Derrière ces chiffres glaçants des visages, des cris et des pleurs témoignent de l’escalade meurtrière d’un conflit qui ne se limite plus à ces territoires du Proche-Orient mais prend les traits d’un génocide, « préparé depuis des décennies » dans l’indifférence et l’hypocrisie de la communauté internationale.

« Vers un chaos historique au Moyen Orient »

Un chaos attesté se prépare sous les yeux complices de dirigeants internationaux qui préfèrent leurs intérêts économiques à la justice.
La haine, attisée des deux côtés, Israéliens comme Palestiniens, semble avoir franchi le point de non-retour, faisant place à la menace d’une onde de choc dévastatrice telle que « le 11 septembre » poursuit Dr Haffaf.
Ainsi, le risque d’embrasement régional n’a jamais été aussi élevé et le processus de paix aussi fragile. Le médecin insiste « l’apaisement ne pourra devenir que lorsque cessera le soutien financier et politique accordé aux multinationales de l’armement ».

« L’espoir… cette petite flamme qui permet de rester debout »

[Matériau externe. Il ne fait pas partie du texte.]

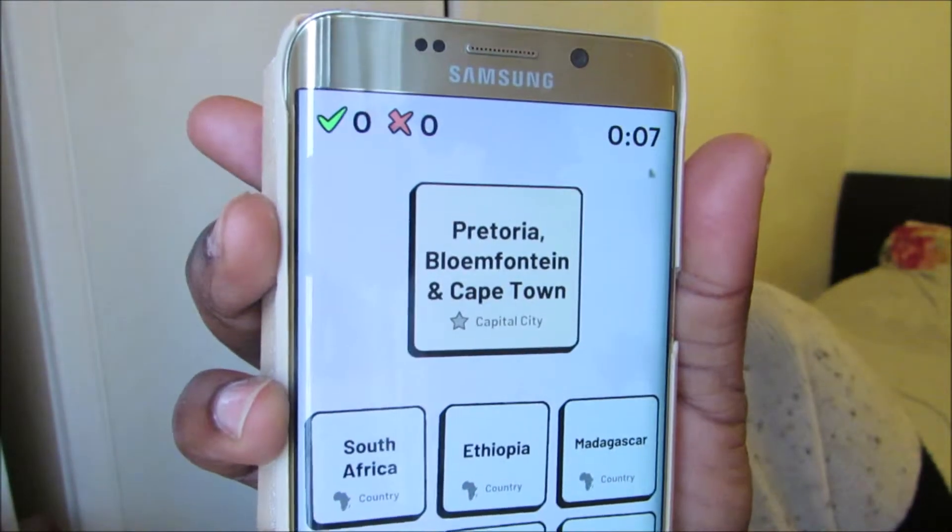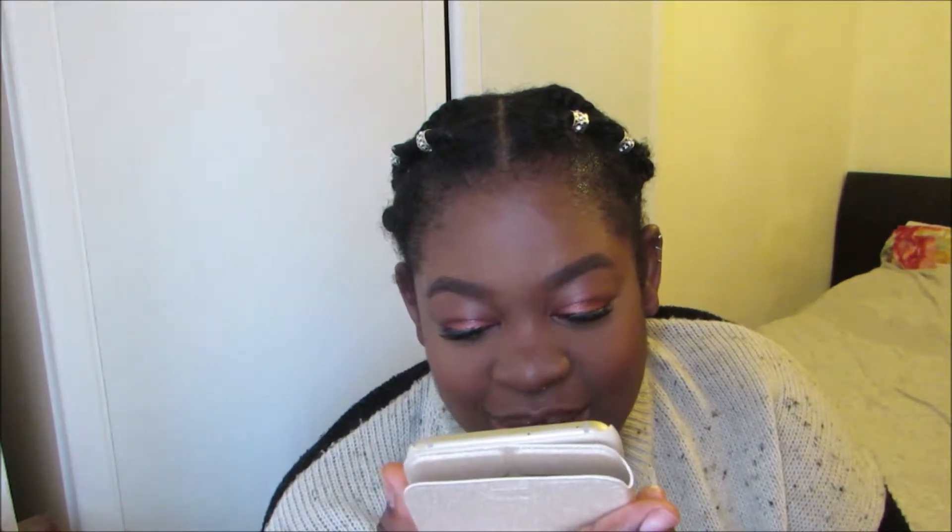Capital cities — continue — level one. Oh, this one is timed as well, so you've got to work fast! Nigeria: the capital city is Abuja. Democratic Republic of Congo: the capital city — I want to say is Kinshasa.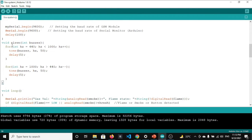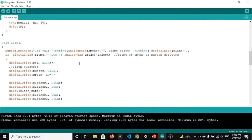There is also a siren function defined but not used in the current project — I will give a small demo of how the buzzer can sound like a siren which you could optionally integrate. In the loop method, gas value is read using analogRead on the smoke pin, which is an analog sensor. The String() method is used for type casting so the numeric value can be concatenated with other strings.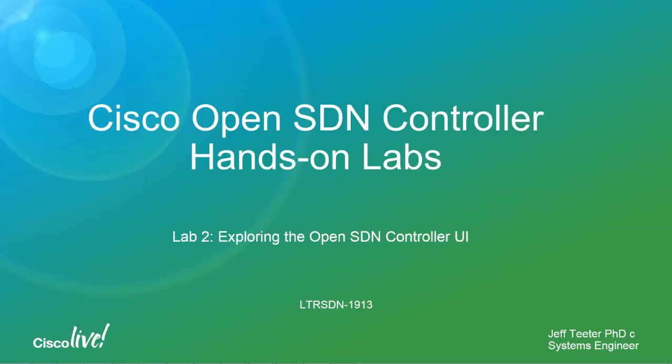Hi, I'm Jeff Teeter. I'm a Systems Engineer with the America Partners organization. Today we'll be reviewing Lab 2 of the Cisco OpenSDN controller hands-on labs, specifically exploring the OpenSDN controller UI.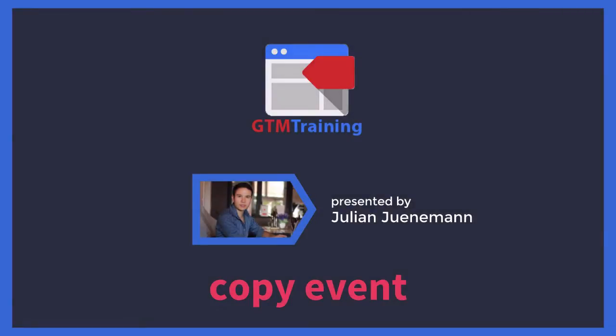Hi there and welcome to another video of gtmtraining.com with me Julian. Today we want to talk about a copy event and how to detect that with Google Tag Manager, and then fire an event into Google Analytics when somebody tries to copy something from your site.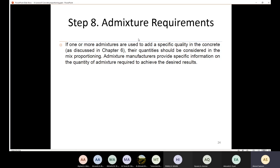Step number eight covers admixture requirements. Admixtures are used to improve fresh or hardened concrete properties. The quantity of admixtures should follow the admixture manufacturer's specific recommendations.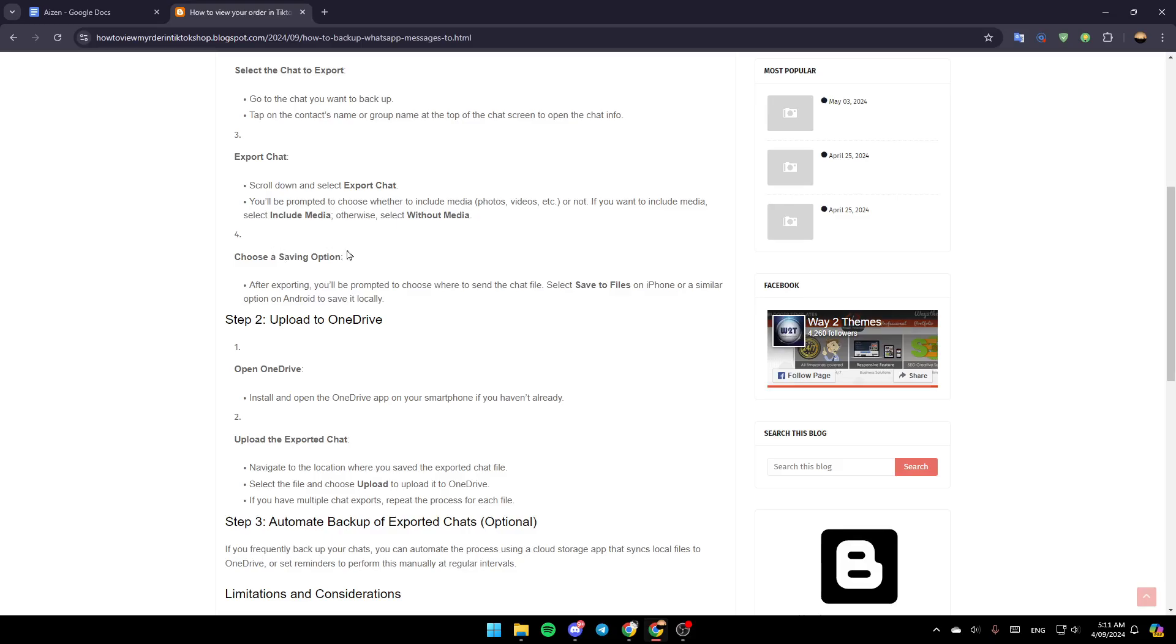Then choose a saving option. After exporting, you'll be prompted to choose where to send the chat file. Select save to files on iPhone or a similar option on Android to save it locally.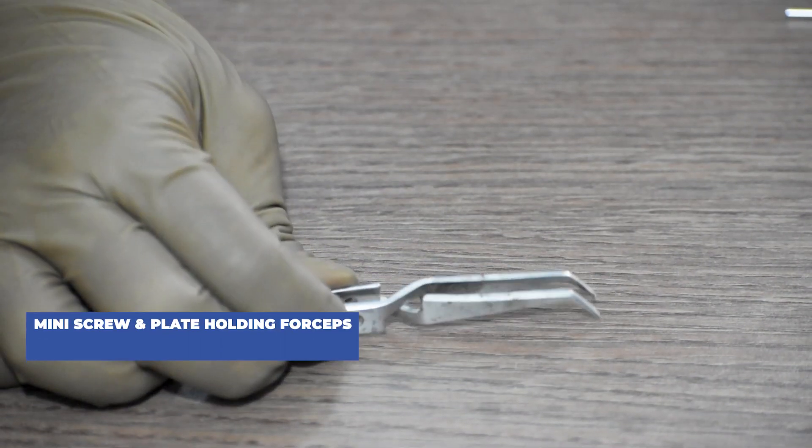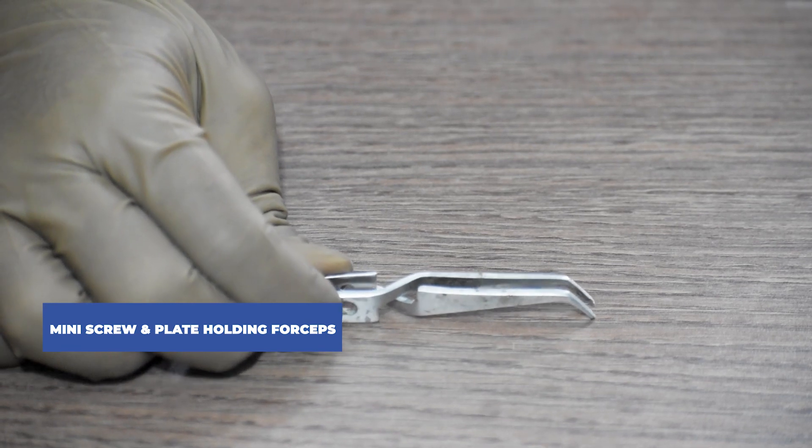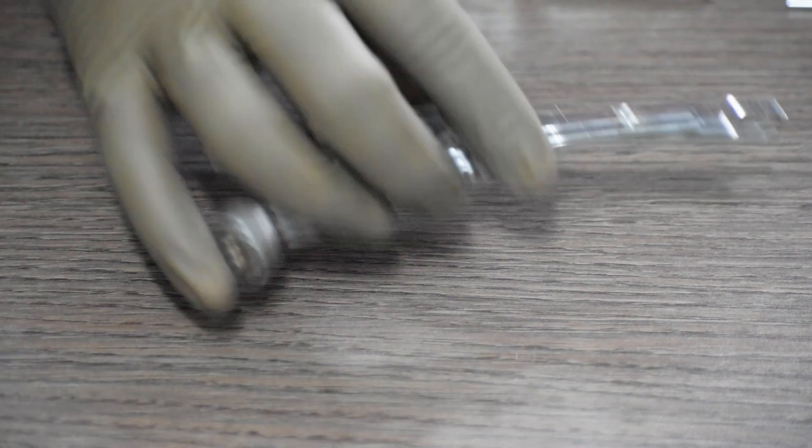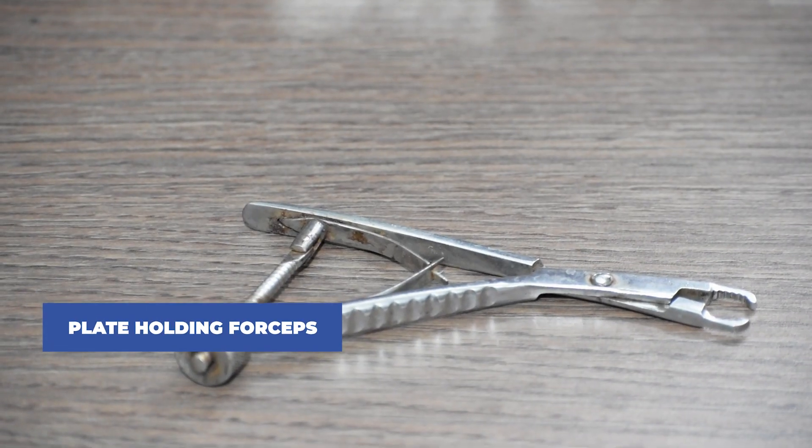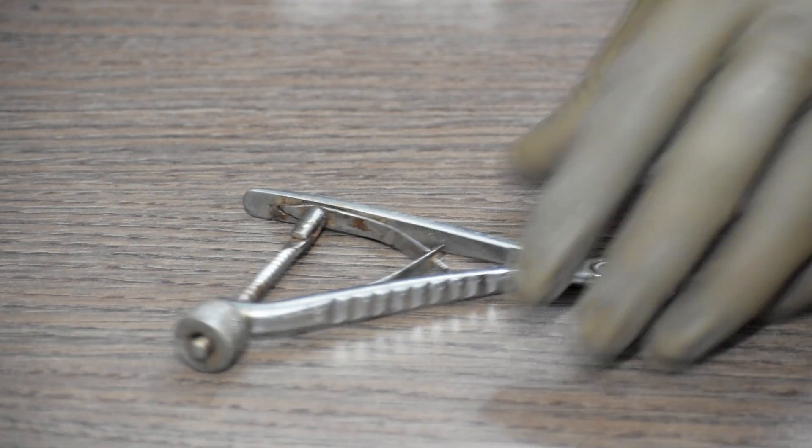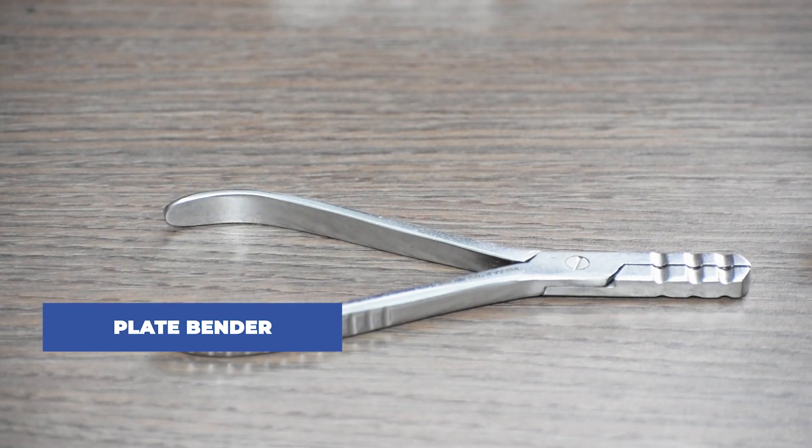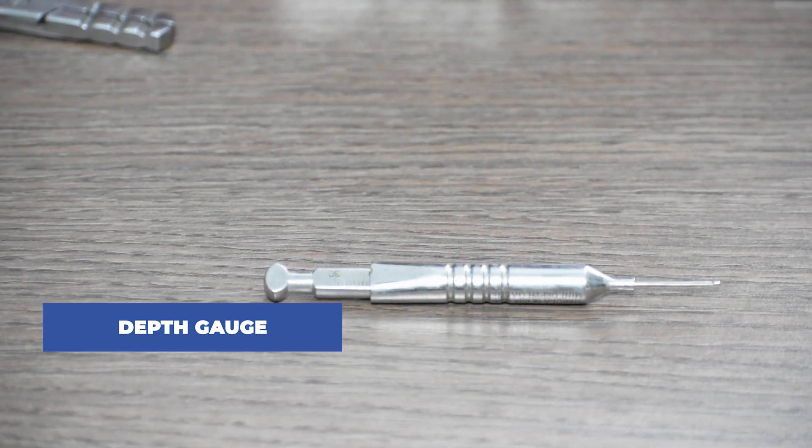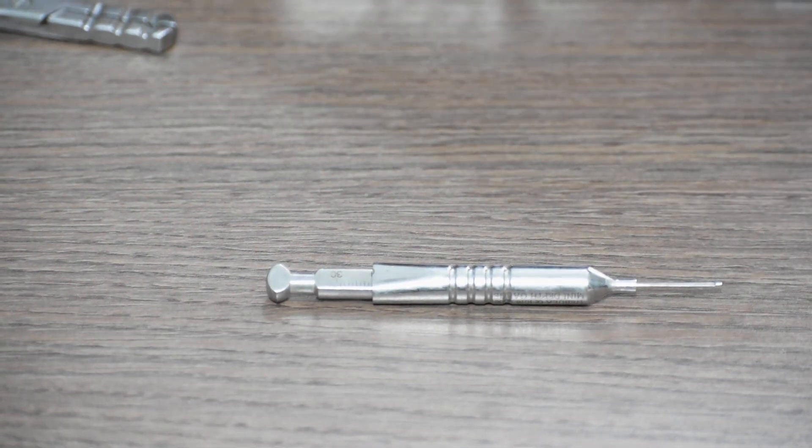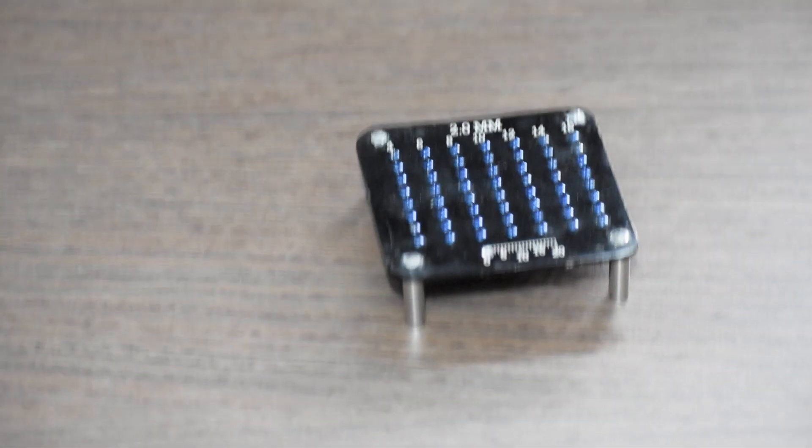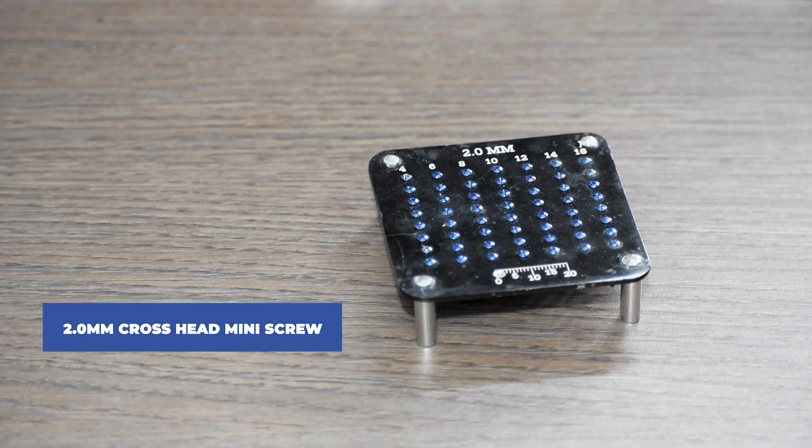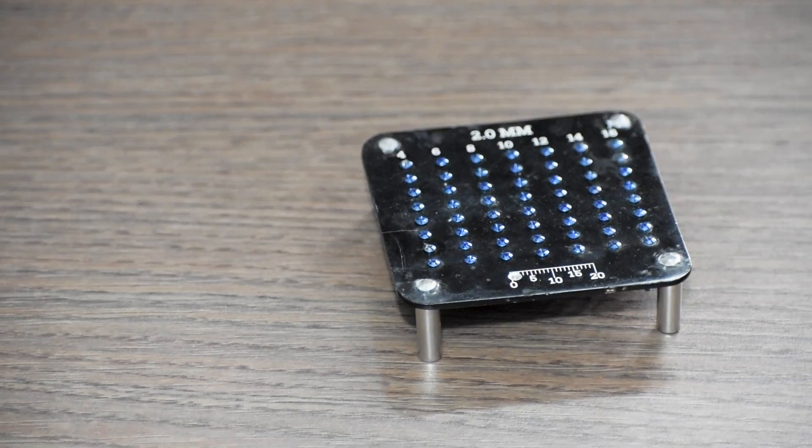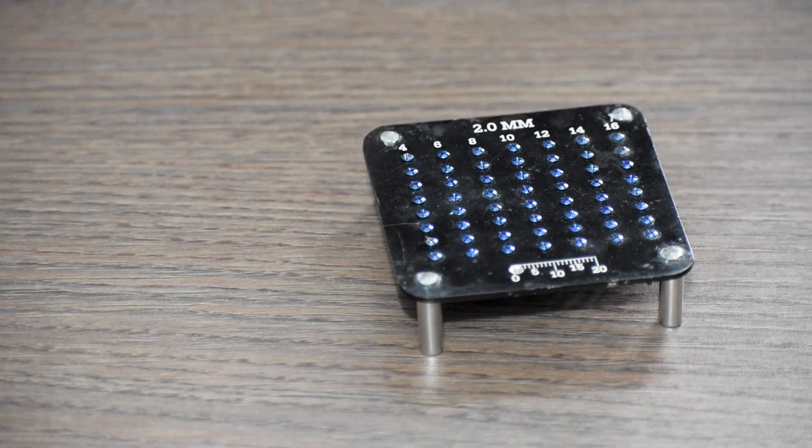Then we will require mini screw and plate holding forceps, then plate holding forceps, plate bender, and depth gauge. We will also require 2mm cross head mini screws from 4mm in length to 16mm in length.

Un tableau apocalyptique se dessine sous nos yeux fatigués nourris par les images des « déplacements forcés de populations ». Pourtant le Dr Haffaf refuse le fatalisme. « Cette petite flamme que je garde précieusement », confie-t-il, c’est l’espoir d’un sursaut collectif.

Il mise sur l’émergence d’un mouvement international transcendant les clivages religieux, culturels et idéologiques : « Décideurs politiques intègres, ONG indépendantes, intellectuels courageux, médias libres et surtout des populations alertées » pourraient converger pour bâtir une paix durable.

« La solidarité internationale reprendra ses droits »

Le Dr Haffaf conclut sur une note d’espoir farouche car il se refuse à baisser les bras et soutient que la solidarité internationale n’est pas morte. Elle sommeille, endormie par la propagande et les intérêts géopolitiques. Mais quand elle se réveillera, elle sera plus forte que toutes les armées du monde.

Un message d’espoir lancé depuis Paris, à mille lieues des bombardements de Gaza et des barbelés de Ketziot, mais porté par la solide conviction que la foi en l’homme finira par l’emporter sur la barbarie.